Amanda se agarraba las manos, trataba de mirar a todos el tiempo suficiente para esquivar los contactos visuales. “Evite los roces” le habían dicho sus colegas. Su esponjoso rostro adolescente contrastaba con el semblante duro y frío de las demás maestras. Su ejercicio de observación se interrumpió sólo cuando la Madre Rebeca dijo su nombre en el micrófono: “…Su nueva profesora de Ciencias Sociales, Amanda Palermo.”
Sólo entonces se volvieron inútiles todas esas previsiones: no los mires a los ojos, no les demuestres temor, no agaches la cara, mira al frente, todo se desapareció por un momento. Entonces fue avanzando hacia la tarima, subió los escalones sintiendo cómo el estómago se le retorcía de miedo y cuando estuvo frente a la multitud de jóvenes se dejó llevar.

Lukas Howedes, ajeno al temor de aquella maestra, temía por sí mismo. Acababa de entrar al colegio, estaba en la escala más baja de la cadena alimenticia y aunque poco a poco iba comprendiendo que todo lo que le habían dicho de los colegios católicos exclusivos para varones era una reverenda mentira, no podía sentirse tranquilo, sentía que todo era una trampa y que en algún momento algún bravucón lo enfrentaría y le quitaría todo su dinero y lo llevarían al baño a darse un baño en el excusado. Por ello no se confiaba de las amistosas preguntas que escuchaba en las filas del patio (ordenadas por grados 1ro, 2do, 3ro, 4to, 5to) y respondía con una seriedad que delataba su nerviosismo. Fue entonces cuando Lukas escuchó la voz que habría de atormentarlo noches enteras. “Buenos días, mi nombre es Amanda Palermo, soy psicóloga, y estaré encargada de los años 3ro, 4to y 5to”. Ahí Lukas dejó de escuchar, porque sintió entrar en una desgracia repentina, quiso protestar airadamente, blasfemar. Y enseguida la lluvia los dispersó y vio desaparecer a la nueva maestra entre las demás maestras y corrió como todos a buscar a un rincón donde resguardarse de la lluvia.

Al terminar el día, ya en dormitorio, Lukas tenía un sentimiento de traición cuya raíz no lograba entenderla. ¿Dónde nacía y dónde terminaba aquel sentimiento?

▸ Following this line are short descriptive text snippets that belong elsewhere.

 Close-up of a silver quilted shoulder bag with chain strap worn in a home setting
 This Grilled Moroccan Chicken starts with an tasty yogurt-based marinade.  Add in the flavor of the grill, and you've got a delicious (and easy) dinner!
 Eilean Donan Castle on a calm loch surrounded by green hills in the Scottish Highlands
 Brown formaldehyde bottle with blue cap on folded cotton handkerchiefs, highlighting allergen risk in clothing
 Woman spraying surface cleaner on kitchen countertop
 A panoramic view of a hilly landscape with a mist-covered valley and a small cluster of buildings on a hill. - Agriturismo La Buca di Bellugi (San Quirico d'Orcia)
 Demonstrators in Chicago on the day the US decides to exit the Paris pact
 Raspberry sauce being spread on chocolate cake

Y en la noche lo entendió. Pues un insomnio insoportable insistía en recordar la figura pálida, recta, esbelta, la voz dulce con un tono áspero fingido que le daba un aire de autoridad platónica, las manos siempre juntas e inquietas que no se atrevieron a acomodar el cabello que le danzaba frente a la cara. Era ella, Amanda, quien fundaba ese sentimiento de traición en su pecho. En su estómago. En su vientre.

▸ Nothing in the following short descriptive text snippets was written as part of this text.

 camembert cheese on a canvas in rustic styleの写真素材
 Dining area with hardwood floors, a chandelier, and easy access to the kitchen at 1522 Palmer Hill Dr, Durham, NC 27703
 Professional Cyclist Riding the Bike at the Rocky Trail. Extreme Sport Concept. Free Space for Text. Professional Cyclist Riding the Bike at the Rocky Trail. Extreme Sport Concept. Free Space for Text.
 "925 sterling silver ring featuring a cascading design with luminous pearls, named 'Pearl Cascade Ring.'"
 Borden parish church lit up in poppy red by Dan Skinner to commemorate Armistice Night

Enseguida olvidó los mitos de la escuela acerca del colegio católico. Las madres no eran brujas. Y mucho menos amargadas. Eran estrictas, era cierto. Pero si se mantenía dentro de los márgenes no tendría problema alguno. Los compañeros no eran almas perdidas que llevaban ahí por castigo. En su mayoría eran hijos de gente de dinero que los llevaban allí para mantener un estatus social y presumir ante el vulgo. Y no es que hubiera llegado a esta conclusión después de un largo raciocinio. No. Es que los primeros cinco días de encierro sólo pensó en Amanda y su recuerdo suprimió cualquier otro tipo de preocupación y dedujo que nada más tenía importancia. Lo importante era llegar pronto a 3er año para decirle “Presente, Srta.”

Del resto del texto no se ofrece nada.